Iran MP says UN human rights envoy is Mossad, CIA agent

Ahmed Shaheed, a former Maldives foreign minister, has slammed Tehran for executions, torture, oppression of women

Ahmed Shaheed addresses the UN General Assembly in 2005. (photo credit: AP/John Marshall Mantel)
Ahmed Shaheed addresses the UN General Assembly in 2005. (photo credit: AP/John Marshall Mantel)

An Iranian lawmaker lambasted the United Nation’s special human rights monitor in Iran on Saturday, accusing him of being an agent for both American and Israeli intelligence.

Earlier this month, special rapporteur Ahmed Shaheed filed a report with the UN Human Rights Council blasting Tehran’s faltering human rights record, and its “lack of adherence to the rule of law as well as a failure to investigate complaints and to bring human rights violators to justice.”

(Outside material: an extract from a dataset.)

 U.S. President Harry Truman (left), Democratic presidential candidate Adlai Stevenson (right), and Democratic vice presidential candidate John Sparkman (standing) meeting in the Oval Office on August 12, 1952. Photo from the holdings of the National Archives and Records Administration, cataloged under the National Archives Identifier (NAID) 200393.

MP Seyyed Hossein Naqavi Hosseini was quoted by the semi-official Fars news agency as saying, “All fair and independent human rights bodies are well aware that Shaheed works as an agent for the Zionist regime and also the CIA.”

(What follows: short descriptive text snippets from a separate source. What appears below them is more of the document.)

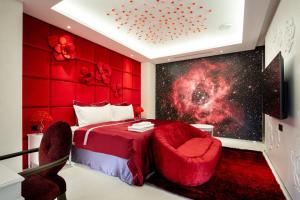 台中市极光情境旅馆的一间卧室配有红色的床和两把椅子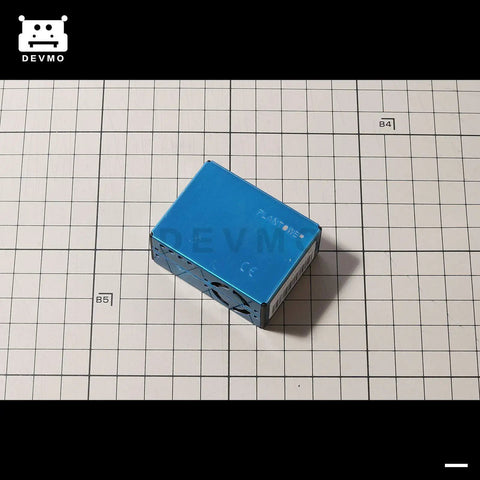 Digital Particle Concentration Sensor PMS5003 for Air Quality Monitoring in metal casing, Arduino compatible, top view on grid surface.
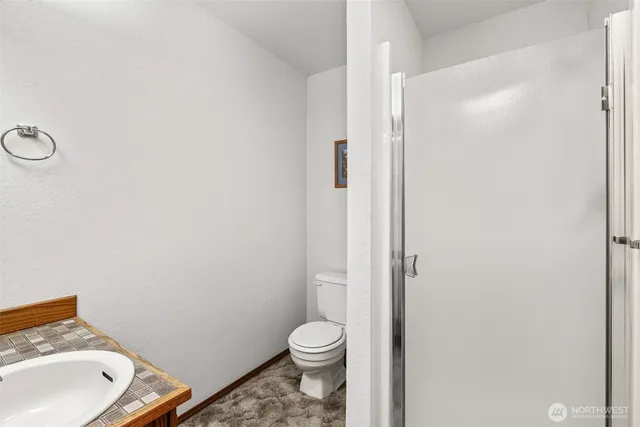 a bathroom with a granite countertop toilet and a sink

He said Iran was “familiar with the man’s character,” Fars reported, without elaborating on what Hosseini meant.

Shaheed is a former Maldivian foreign minister who was elected to the UN post almost three years ago.

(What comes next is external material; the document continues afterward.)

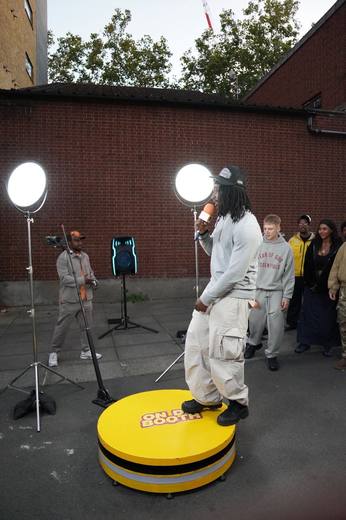 An artist in a white top performing on the booth while the crowd watches along the wall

The official Islamic Republic News Agency reported that Hosseini charged Shaheed with compiling his reports to the United Nations based on information he receives from the Mossad and a leftist Iranian revolutionary group known as the Mojahedin-e-Khalq.

Hosseini has previously charged that international sanctions against the Islamic Republic violated human rights.

Hosseini’s virulent allegations came a day after the Human Rights Council expressed concern that Iran had, despite small improvements, made grave human rights violations over the past year. The UN body also extended Shaheed’s mission by one more year, a move which Hosseini charged “serves to gain time to level yet more accusations again Iran.” The Human Rights Council called on Iran to grant Shaheed access to the country, a measure it has heretofore refused to permit. 

“Shaheed is the only one among these rapporteurs who repeatedly gets reinstated every time his time of service ends,” Hosseini said, and called for Shaheed’s replacement. 

During the council’s meeting Friday, both Shaheed and UN Secretary General Ban Ki-moon spoke about Iran’s use of torture and executions, oppression of women and minorities, and imprisonment of journalists and human rights activists as examples of its human rights violations.

Iran’s envoy to the UN human rights body, Mohsen Naziri Asl, also attacked Shaheed and his “baseless allegations” against the Islamic Republic, adding that he was trying to create a rift between Tehran and other countries.